I use a Mr heater infra red propane heater to get the skidder going on sub zero mornings. Stick it against the oil pan for 30-40 minutes or so. Im sure there is a better way but it works good enough for me. Keep in mind that im only heating up a 5 cylinder deutz with it. I was thinking about making a mount on the hydraulic tank of the forwarder to stick a heater to also. I'm sure within 20-30 minutes or so it would have the hydraulic functioning pretty well. Blew a side wall on the skidder today...... The joys of the job


----------



## Naked Arborist (Jan 6, 2014)

Ever consider leaving a hot bed of coals under the machine with a tarp over it?

Another idea I had was to set up a drum of oil or coolant with a fire under it, top/bottom quick connects. Hot thermal fluid flow can get the job done without a pump or electric. A homemade outdoor wood boiler could get the job done for many many machines plugged in to it.

Stay thirsty my friends.

Just some thoughts...


----------



## Blazin (Jan 6, 2014)

Naked Arborist said:


> Ever consider leaving a hot bed of coals under the machine with a tarp over it?
> 
> Another idea I had was to set up a drum of oil or coolant with a fire under it, top/bottom quick connects. Hot thermal fluid flow can get the job done without a pump or electric. A homemade outdoor wood boiler could get the job done for many many machines plugged in to it.
> 
> ...




LMAO! How long you think a bed of coals or a fire is gonna last at -20???  Bitz, you're gonna have to have a trailer now with a OWB on it to take on the jobs, should be cost effective


----------



## mopar3 (Jan 6, 2014)

What about synthetic diesel oil? The Rotella T6 5w 40 should be a bit thinner and help with cranking speed. 22 bucks a gallon at Walmart might get a bit expensive. But so is waiting and not working.


----------



## nk14zp (Jan 6, 2014)

I have used the big weed killer propane torch and a 3" elbow to heat up oil pans. But be real careful about fire!


----------



## mesupra (Jan 6, 2014)

I run rotella t6 full 5-40 in everything I own, lawn mower, generator boat tractor splitter etc, seems like a great oil, it goes on sale at tractor supply for $17.00 . A good friend runs it in his power stroke and frequently has a lab run an analysis on the oil between changes, the lab recommends he run the oil to 13,000 miles vs the 10,000 he has been changing it at, at 10k they said he is pretty much throwing away good oil.


----------



## mdavlee (Jan 6, 2014)

The 2000 7.3 I had would start a lot better with synthetic oil in it at 0°. I didn't have to give it pedal and help it stay running with the synthetic.
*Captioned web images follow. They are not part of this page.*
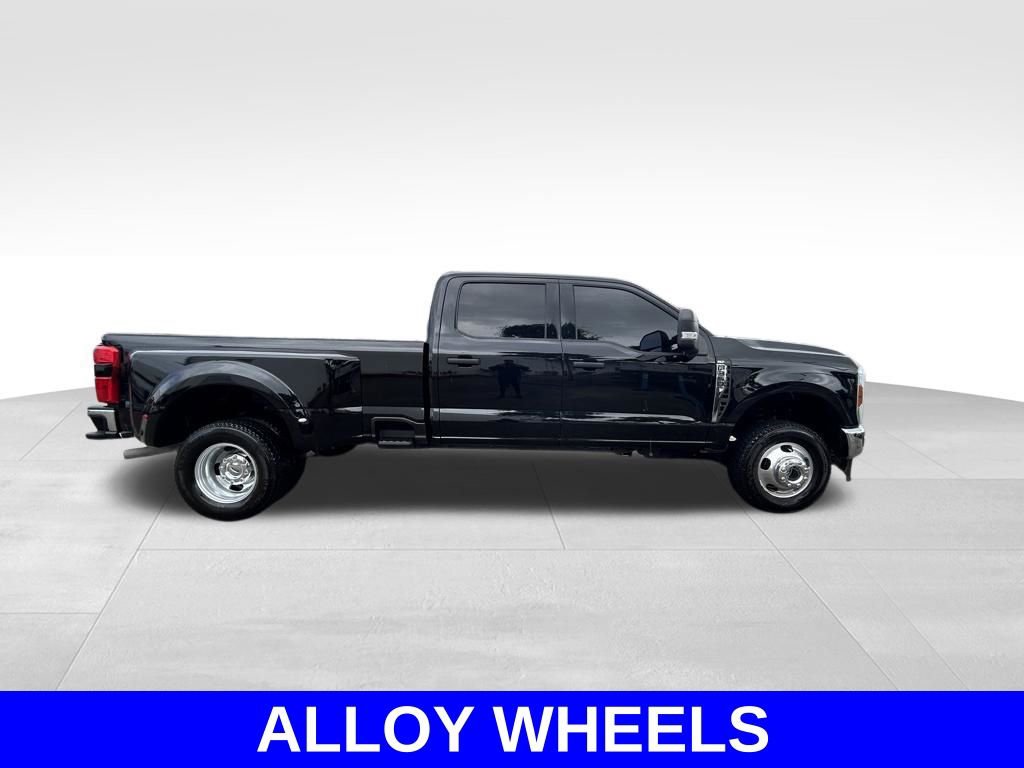 Certified 2024 Ford F350 XLT w/ 360-Degree Camera Package AWD/4WD image 3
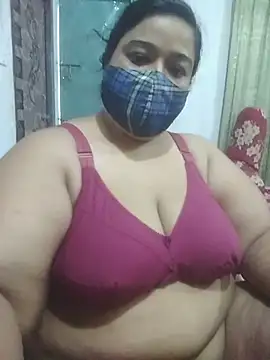 momo_loves webcam
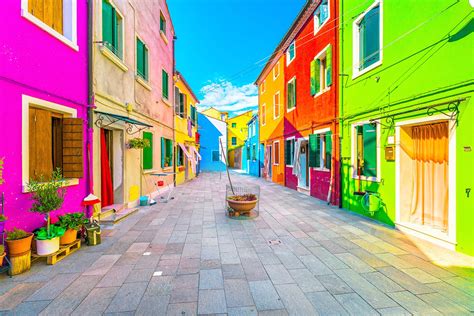 Best Things To Do In Burano, Italy – The Most Colorful Island In Europe ...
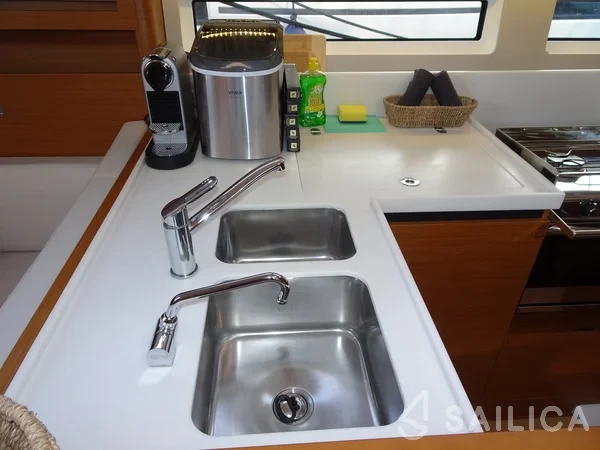 Sun Odyssey 490 - Yacht Charter Sailica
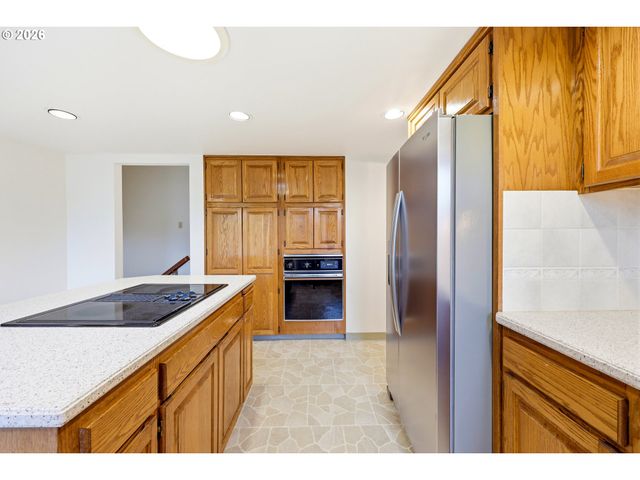 1326 Se LINDEN Ct, Gresham, OR 97080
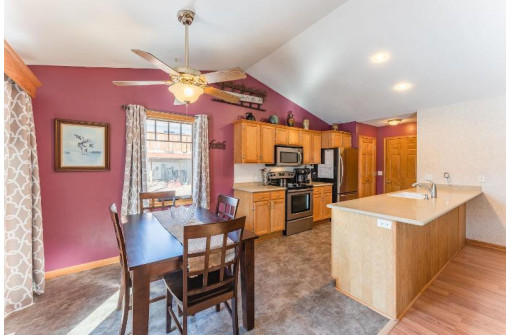 301 Valley Glen Ct, Baraboo, WI 53913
With regular oil it wouldn't start the first try and I would cycle the glow plugs twice. My dodge cummins have started at 0° just fine with regular oil. A propane weed burner torch may be your best bet there Bob.


----------



## Gypo Logger (Jan 6, 2014)

Just installed a 1500 watt coolant heater in a 440B. Starts like a charm after 2-3 hrs.
John


----------



## northmanlogging (Jan 6, 2014)

I'm dig'n the weed burner Idea cheap portable and fun, but yeah be careful with fire, maybe go A-Team and get some tin roofing to protect some of the greasier spots.

I've been know to fill cut off pop cans with 2-stroke mix and light to warm up stubborn engines, 

The other Idea is to coil some copper tubing around the oil pan and plumb it into the coolant lines from the truck some how, that way the oil heats up same time as the block. Perhaps wrap the works in muffler wrap to keep heat loss at a minimum... just thinking out loud.


----------



## hammerlogging (Jan 6, 2014)

i vote leave it running until March..


----------



## bitzer (Jan 7, 2014)

I saw the weed burner idea on Gold Rush. The kid aimed it at the belly pan under the oil pan. Open flames near my oily/greasy beast are not happening. I've heard too many burned up skidder stories and I guarantee the insurance co. would weasel out of it. I did find a battery powered torpedo heater. Supposed to run for 8 hours on a rechargeable battery. They wanted $170 for it. I went with a dual burner that you mount to a 20lb LP tank. I'm thinking aim it at the oil pan and then once shes fired up/ lean it against the hydraulic tank. By tomorrow they are talking single digits already. 20s by Thursday and 30s by Friday. 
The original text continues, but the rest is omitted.